→ BRIEF:
Copy every line of the data below exactly as given, except for the pictures.

→ MATERIAL PROVIDED:
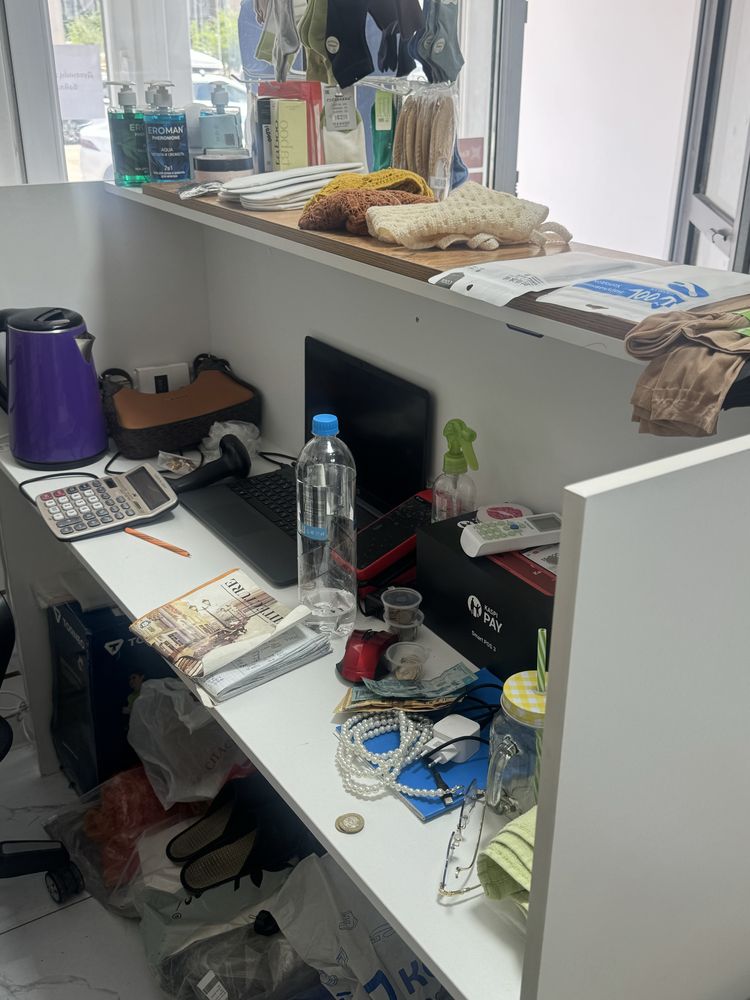 Киім дүкеніне қажетті заттар сатылады
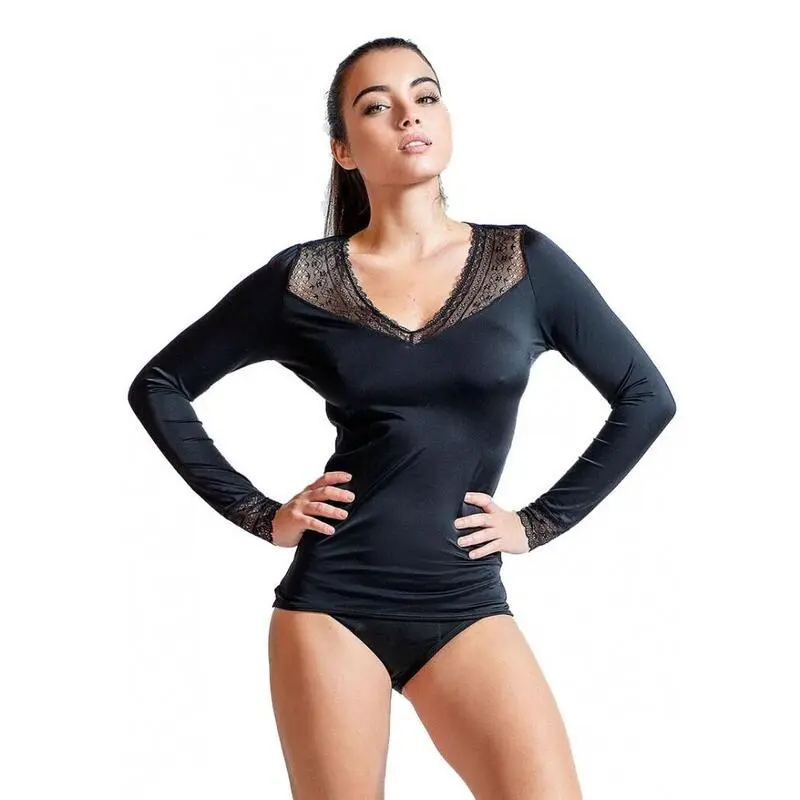 Camiseta Con Encaje, Claire Anaissa 3 Camiseta Con Encaje, Claire Anaissa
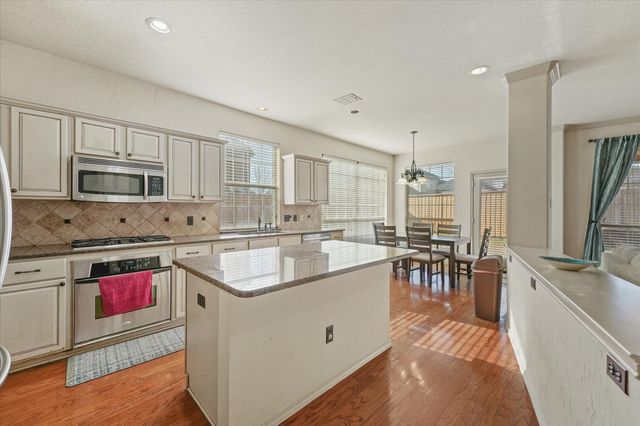 6817 Lake Meadow Lane, Sachse, TX 75048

→ SOLVED PROBLEM:
 Киім дүкеніне қажетті заттар сатылады
 Camiseta Con Encaje, Claire Anaissa 3 Camiseta Con Encaje, Claire Anaissa
 6817 Lake Meadow Lane, Sachse, TX 75048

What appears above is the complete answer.